• **Input data**
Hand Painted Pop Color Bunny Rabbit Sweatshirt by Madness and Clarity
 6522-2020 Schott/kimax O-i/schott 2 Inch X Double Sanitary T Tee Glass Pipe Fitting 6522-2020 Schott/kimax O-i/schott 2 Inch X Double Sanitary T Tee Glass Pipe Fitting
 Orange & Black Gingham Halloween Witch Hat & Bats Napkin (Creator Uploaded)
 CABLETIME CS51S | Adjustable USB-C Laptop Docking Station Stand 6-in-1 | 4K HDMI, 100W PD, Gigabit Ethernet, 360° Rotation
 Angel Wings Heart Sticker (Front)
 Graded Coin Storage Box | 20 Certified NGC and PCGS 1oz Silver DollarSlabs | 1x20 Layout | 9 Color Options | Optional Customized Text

• **Exercise instructions**
The required reply is the count of lines in the entries above where the string "Color" appears, and nothing more.

• **Output of the task**
2